That requires masm to compile the project.

What I actually want is to see the disassembled code from my project (as Intel Syntax assembly code) to look at how the win32 and win64 code is optimized and then to fine tune the pascal source.

1. The objdump ("objdump.exe" and "x86_64-win64-objdump.exe") utility from the binutils programs works and displays the code with the -Mintel option as Intel syntax from the "*.o" files, however when I try to see the line numbers (objdump.exe -l ...) and source code lines (objdump.exe -S ...) it does not put them in the right places within the disassembled code.

As an example, I used:
objdump.exe -d -Mintel -w -l -S -EL something.o > something.disassembled

2. The fpc "-al" flag generates a nice "*.s" assembler file during compilation, where everything is in place, except it is not Intel syntax assembly but AT&T.
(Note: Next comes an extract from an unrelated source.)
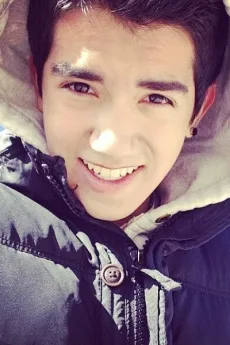 Alan Guillermo García Solís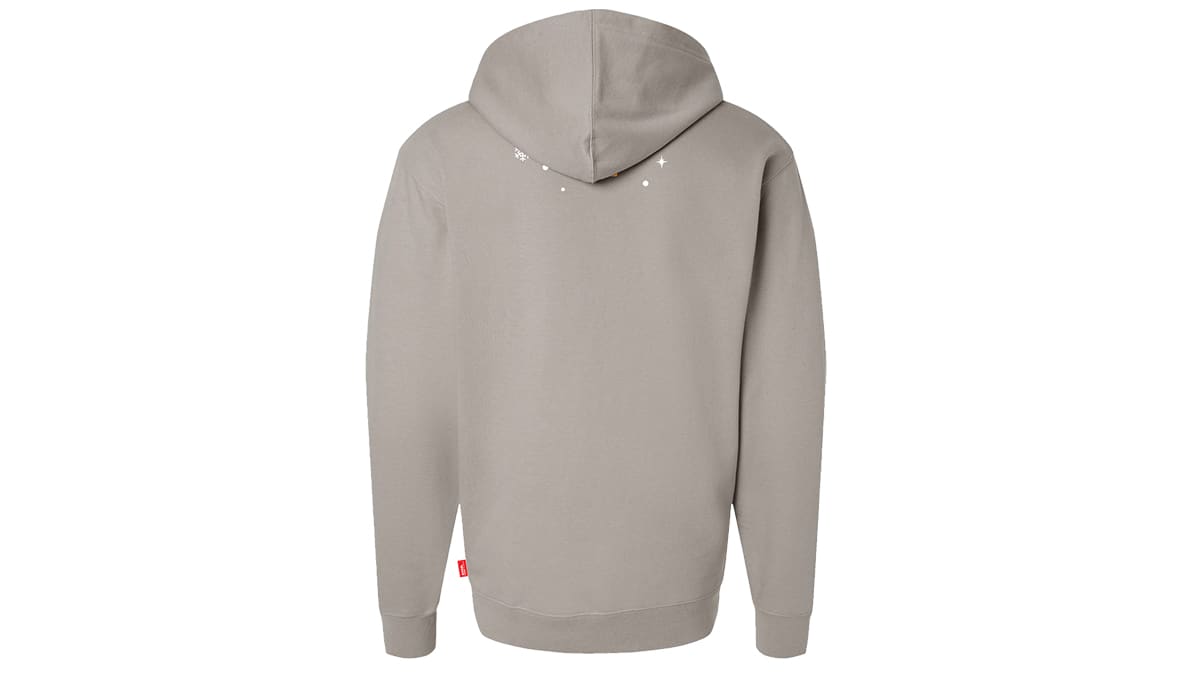 Super Mario™ - Wintery Hoodie 5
Anyone had experience with something like this (display the disassembled code of a project unit/object_file in Intel syntax, with source code lines)?

Thanks for any help

On 8/20/2012 22:37, Sergei Gorelkin wrote:
21.08.2012 5:38, ABorka пишет:
Is there a way to see the generated ".s" assembly files as Intel
syntax instead of the AT&T one?
The -Rintel flag does not seem to work, or I am doing something wrong.

Tried command line and fpc.cfg both, on win32 and win64, latest SVN .

-R switch controls parsing assembler blocks in the code.
The output format is set with -A  (e.g. -Amasm will produce Intel syntax).